O mundo anda tão sem ação

Que até a super interessante, que já virou o passado do avesso, ficou sem assunto

27.4.09

Correspondente de guerra II

Era uma madrugada de primavera. Eu não sabia exatamente qual dia porque não saia de casa desde que vim para cá. Ouvi os primeiros tiros. A violência assustou a vizinhança, gritou e acendeu a luz.

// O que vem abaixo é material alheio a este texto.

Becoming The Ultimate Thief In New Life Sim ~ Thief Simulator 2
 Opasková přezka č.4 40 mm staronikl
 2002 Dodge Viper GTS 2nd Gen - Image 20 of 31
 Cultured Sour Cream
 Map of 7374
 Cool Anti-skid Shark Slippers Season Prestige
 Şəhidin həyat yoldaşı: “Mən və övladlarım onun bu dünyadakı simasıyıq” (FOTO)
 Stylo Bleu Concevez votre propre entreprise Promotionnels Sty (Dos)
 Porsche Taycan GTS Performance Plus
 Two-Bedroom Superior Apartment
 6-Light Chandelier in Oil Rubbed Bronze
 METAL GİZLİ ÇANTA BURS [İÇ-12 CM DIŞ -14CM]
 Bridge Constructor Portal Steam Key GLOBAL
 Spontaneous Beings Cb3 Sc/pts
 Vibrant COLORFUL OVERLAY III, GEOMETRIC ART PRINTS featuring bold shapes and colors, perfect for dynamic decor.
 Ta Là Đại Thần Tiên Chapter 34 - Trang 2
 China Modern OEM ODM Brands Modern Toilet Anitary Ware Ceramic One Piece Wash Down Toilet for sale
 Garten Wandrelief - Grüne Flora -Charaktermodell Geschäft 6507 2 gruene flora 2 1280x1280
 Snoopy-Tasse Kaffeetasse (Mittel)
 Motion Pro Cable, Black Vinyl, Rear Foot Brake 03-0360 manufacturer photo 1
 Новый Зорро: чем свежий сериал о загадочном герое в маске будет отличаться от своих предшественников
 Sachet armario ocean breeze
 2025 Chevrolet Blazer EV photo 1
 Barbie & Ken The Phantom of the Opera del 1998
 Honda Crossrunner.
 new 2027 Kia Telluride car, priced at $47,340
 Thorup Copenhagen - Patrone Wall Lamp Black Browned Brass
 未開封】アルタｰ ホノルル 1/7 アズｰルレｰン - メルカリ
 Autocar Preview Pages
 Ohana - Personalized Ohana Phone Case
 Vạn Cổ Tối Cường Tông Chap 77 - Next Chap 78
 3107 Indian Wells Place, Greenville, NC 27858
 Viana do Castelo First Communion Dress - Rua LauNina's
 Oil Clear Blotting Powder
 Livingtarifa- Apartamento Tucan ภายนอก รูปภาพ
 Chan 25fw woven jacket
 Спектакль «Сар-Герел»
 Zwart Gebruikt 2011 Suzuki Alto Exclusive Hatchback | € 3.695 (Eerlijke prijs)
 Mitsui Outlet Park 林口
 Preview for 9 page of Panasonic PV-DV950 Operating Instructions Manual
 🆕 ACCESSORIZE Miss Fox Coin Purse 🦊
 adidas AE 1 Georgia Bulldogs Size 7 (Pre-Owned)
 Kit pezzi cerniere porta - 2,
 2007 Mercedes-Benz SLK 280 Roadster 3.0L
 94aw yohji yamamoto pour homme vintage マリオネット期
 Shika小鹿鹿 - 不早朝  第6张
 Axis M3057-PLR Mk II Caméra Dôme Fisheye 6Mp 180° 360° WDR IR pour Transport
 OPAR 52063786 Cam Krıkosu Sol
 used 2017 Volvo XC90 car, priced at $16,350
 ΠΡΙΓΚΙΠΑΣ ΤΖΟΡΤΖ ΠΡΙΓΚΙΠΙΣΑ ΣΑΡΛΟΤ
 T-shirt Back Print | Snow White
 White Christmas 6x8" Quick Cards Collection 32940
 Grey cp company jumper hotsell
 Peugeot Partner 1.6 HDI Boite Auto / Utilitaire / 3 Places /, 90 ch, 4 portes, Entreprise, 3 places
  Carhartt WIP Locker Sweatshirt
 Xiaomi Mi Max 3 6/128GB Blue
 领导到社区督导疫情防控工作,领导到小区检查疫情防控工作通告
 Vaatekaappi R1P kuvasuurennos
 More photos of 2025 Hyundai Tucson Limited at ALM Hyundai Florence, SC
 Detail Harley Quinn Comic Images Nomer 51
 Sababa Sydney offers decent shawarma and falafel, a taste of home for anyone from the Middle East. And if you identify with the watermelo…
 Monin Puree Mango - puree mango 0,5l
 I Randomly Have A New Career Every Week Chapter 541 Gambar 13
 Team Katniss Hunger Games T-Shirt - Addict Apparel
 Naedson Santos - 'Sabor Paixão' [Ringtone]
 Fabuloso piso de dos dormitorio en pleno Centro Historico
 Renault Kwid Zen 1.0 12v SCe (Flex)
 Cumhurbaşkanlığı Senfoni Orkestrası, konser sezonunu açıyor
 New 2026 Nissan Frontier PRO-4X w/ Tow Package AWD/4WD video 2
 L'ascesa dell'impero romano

Confuso, tive vontade de ir até a janela, para ver se conseguia alguma imagem do combate, mas tive medo de ser alvejado por alguma bala perdida. Ciente dos riscos, engatinhei até a janela e, decepcionado, vi o cenário fantasma de toda madrugada. Também vi as poucas luzes nos prédios em volta apagando-se aos poucos, enquanto acostumavam-se com os tiros, cada vez mais escassos. Percebi que o risco que eu corria era relativamente baixo.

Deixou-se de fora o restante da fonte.